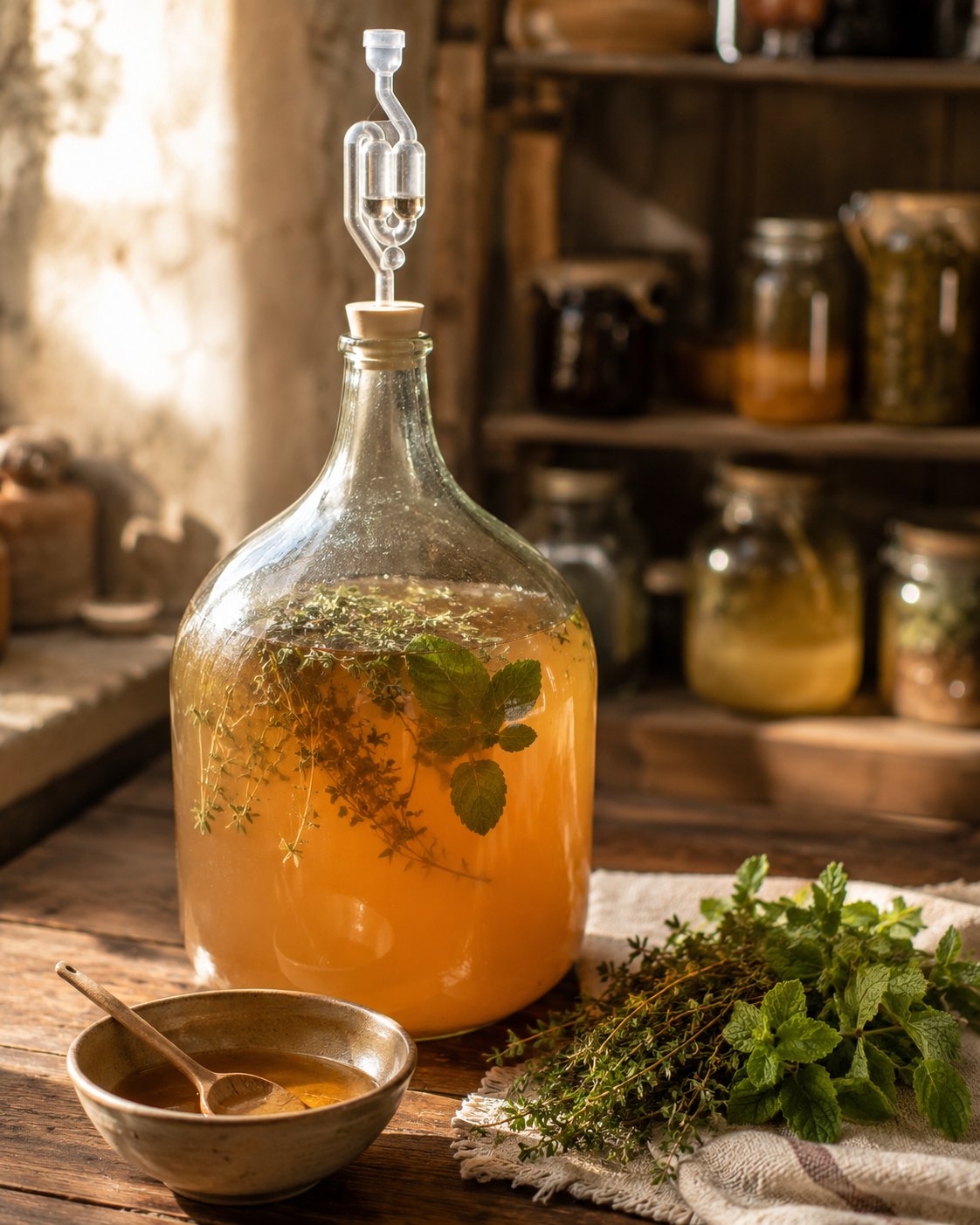 Dame-jeanne d'hydromel doré aux plantes sauvages avec barboteur, à côté de bouquets de thym et de mélisse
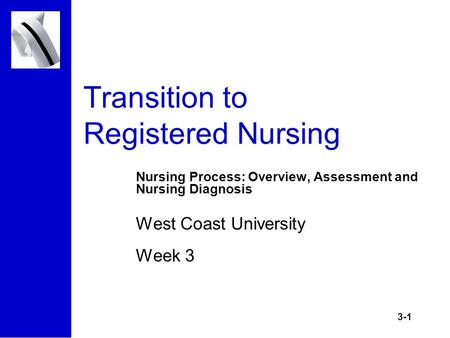 3-1 Transition to Registered Nursing West Coast University Week 3 Nursing Process: Overview, Assessment and Nursing Diagnosis.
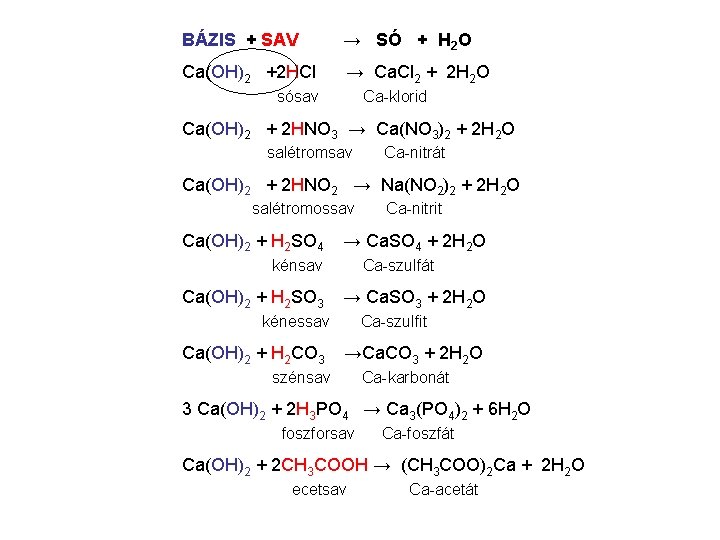 BÁZIS + SAV → SÓ + H 2 O Ca(OH)2 +2 HCl → Ca.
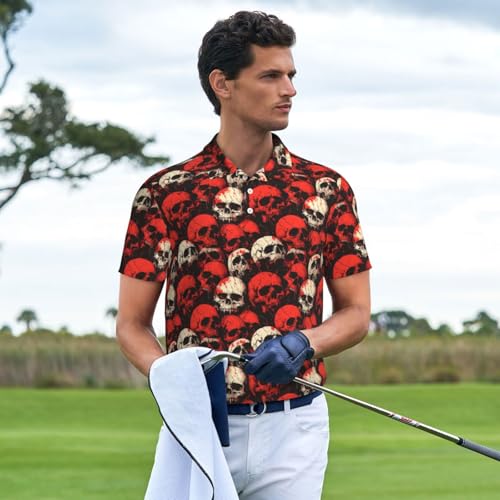 Red and White Skull Print Polo Shirts for Men-Funny Golf Shirts for Mens Short Sleeve Polos Polo T Shirts 5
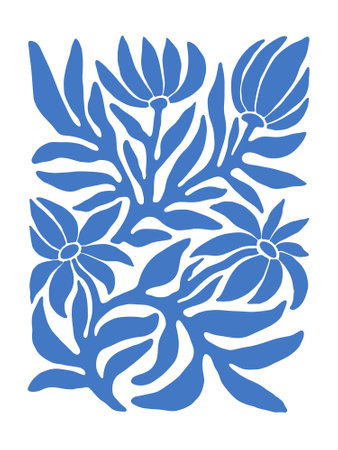 Contemporary Matisse inspired art background vector. Abstract botanical hand drawn poster design with flowers, leaves and branches. Simple modern style illustrated design for print, cover and card.のイラスト素材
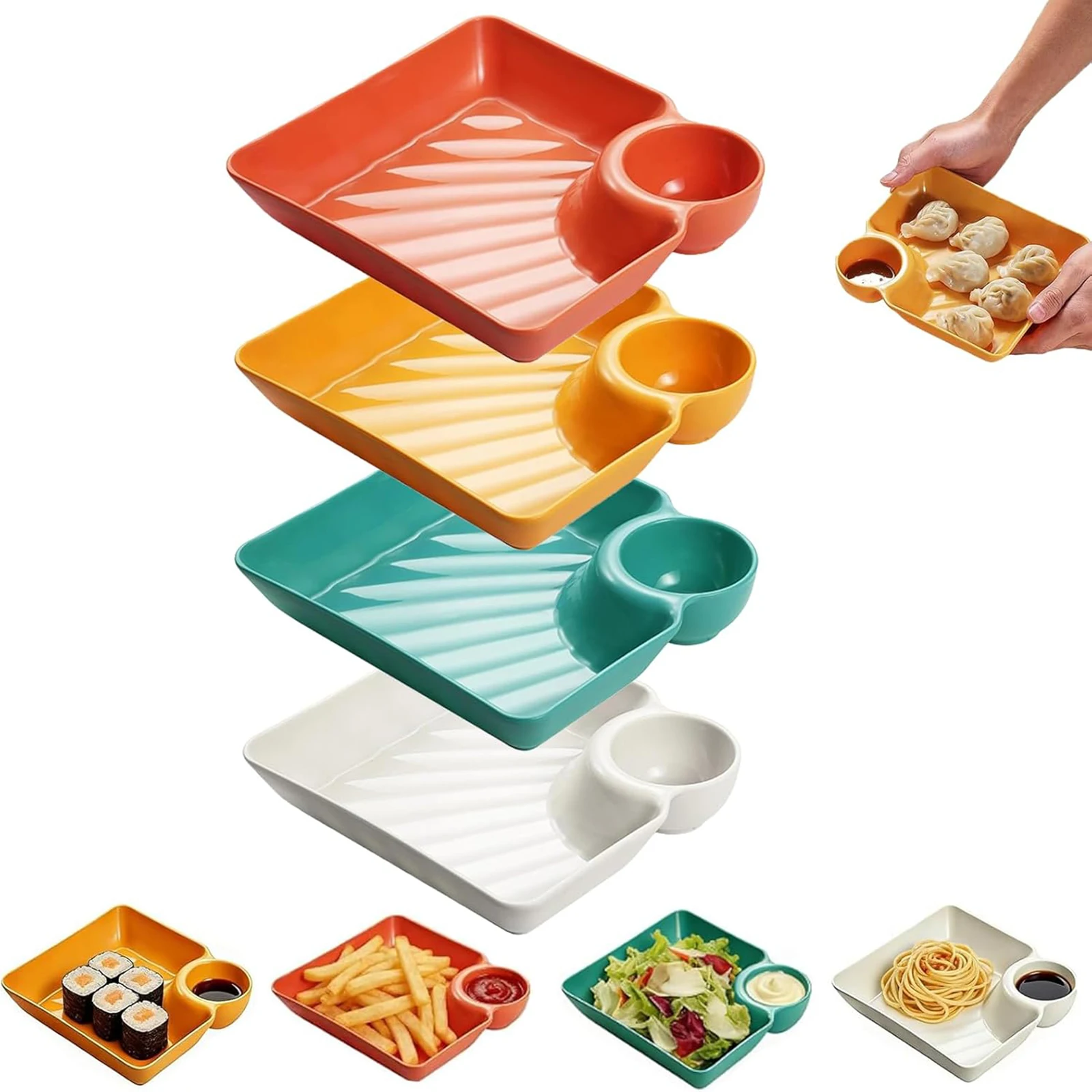 4Pcs Dumpling Plate with Dipping Saucer Reusable Divided Snack Serving Dishes for Appetizer Sushi Taco Salsa Charcuterie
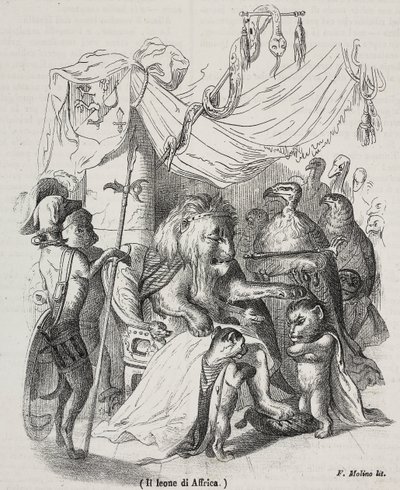 Lion of Africa, character of story of African Lion and three native young lions by Grandville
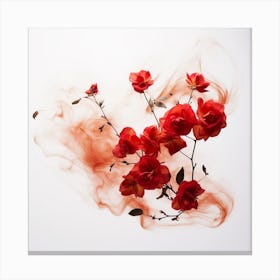 Red Roses In Smoke Canvas Print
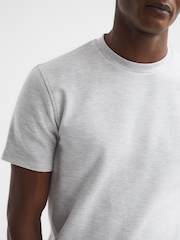 Reiss Grey Melange Cooper Slim Fit Honeycomb T-Shirt - Image 4 of 7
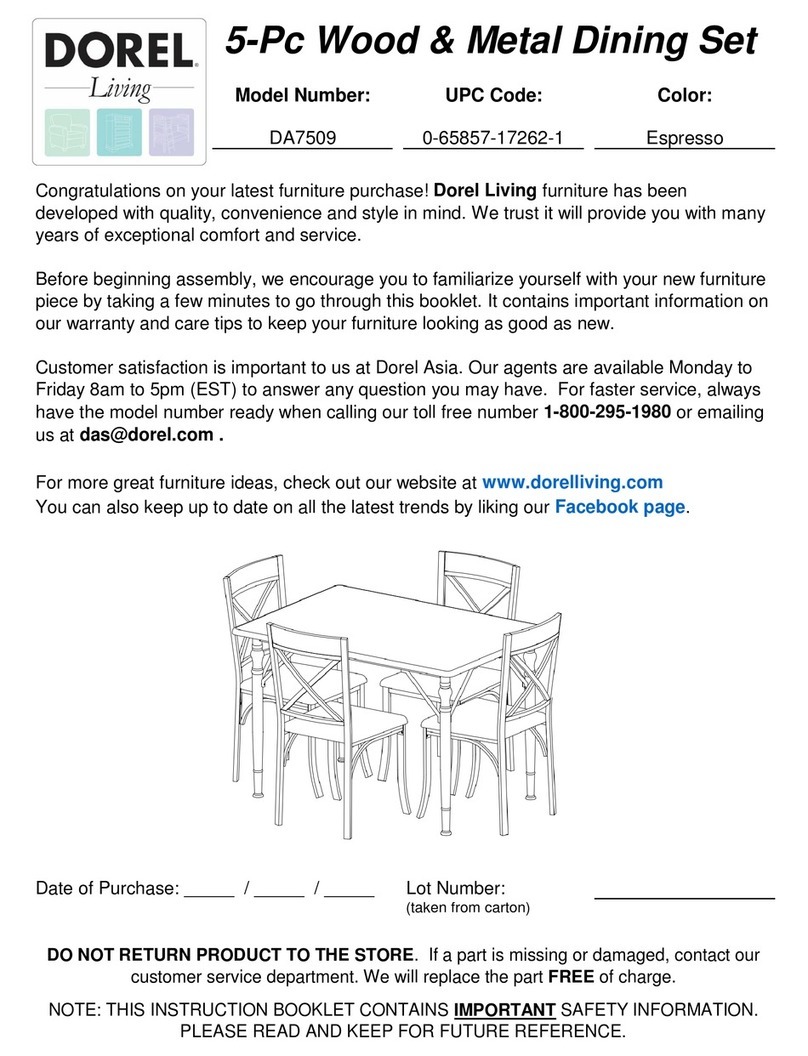 Dorel DA7509 Assembly instruction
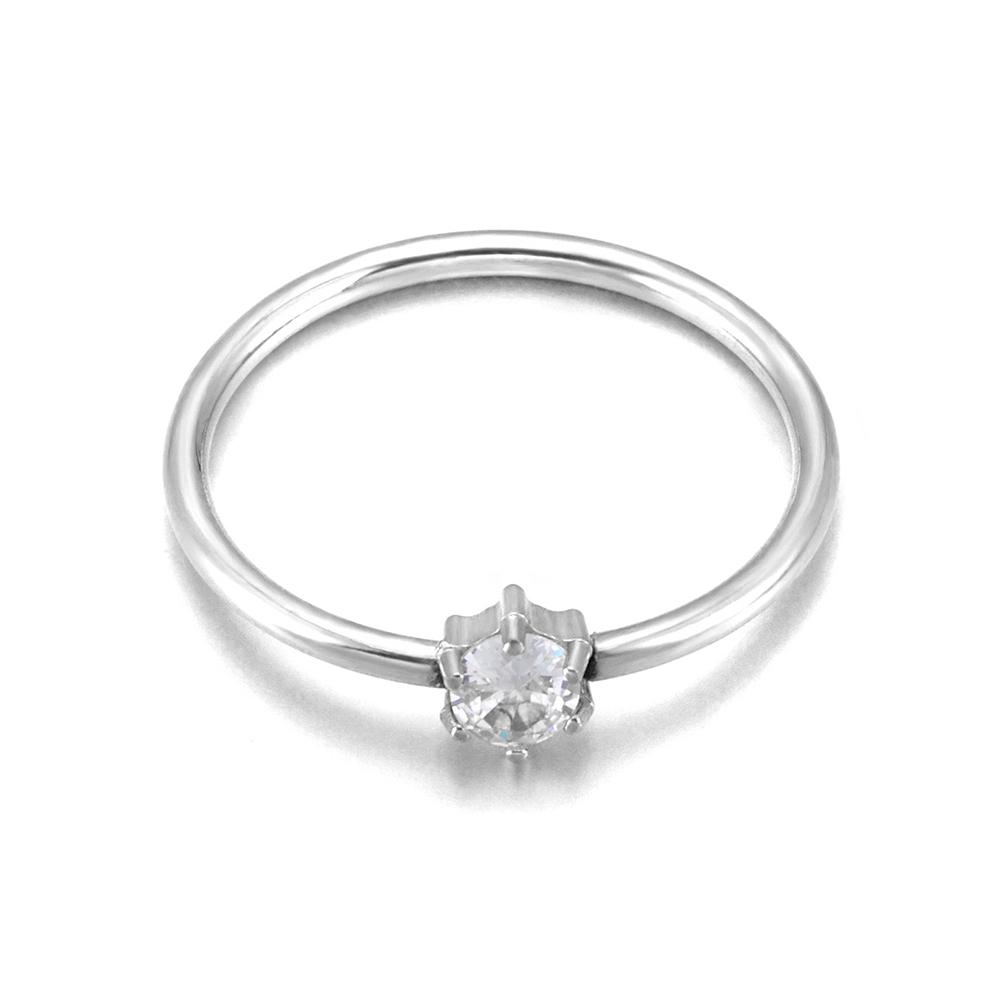 JeeMango Stainless Steel Shiny Cubic Zirconia Finger Ring for Women Gold Plated Wedding Engagement Delicate Jewelry R26020
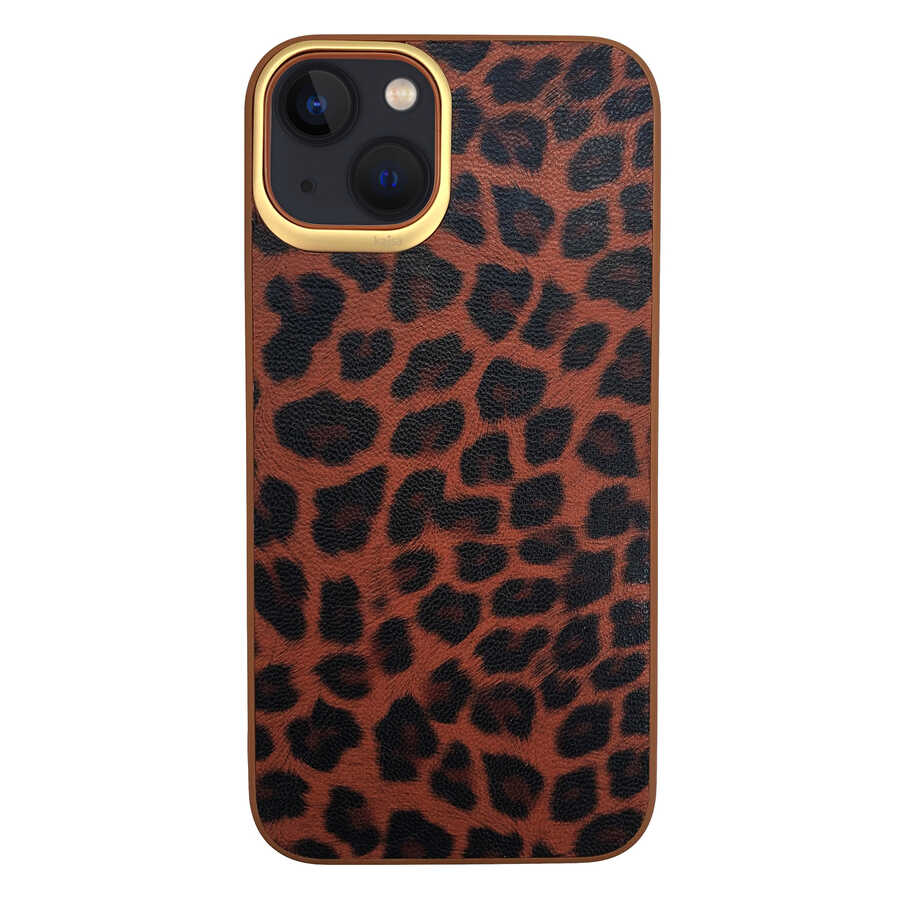 iPhone 13 Kılıf Kajsa Glamorous Serisi Leopard Combo Kapak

- _Work order_: Print, exactly and without pictures, the lines from the one holding "Reiss Grey Melange" through the last line of the entries above, both included.

- _Task output_:
 Reiss Grey Melange Cooper Slim Fit Honeycomb T-Shirt - Image 4 of 7
 Dorel DA7509 Assembly instruction
 JeeMango Stainless Steel Shiny Cubic Zirconia Finger Ring for Women Gold Plated Wedding Engagement Delicate Jewelry R26020
 iPhone 13 Kılıf Kajsa Glamorous Serisi Leopard Combo Kapak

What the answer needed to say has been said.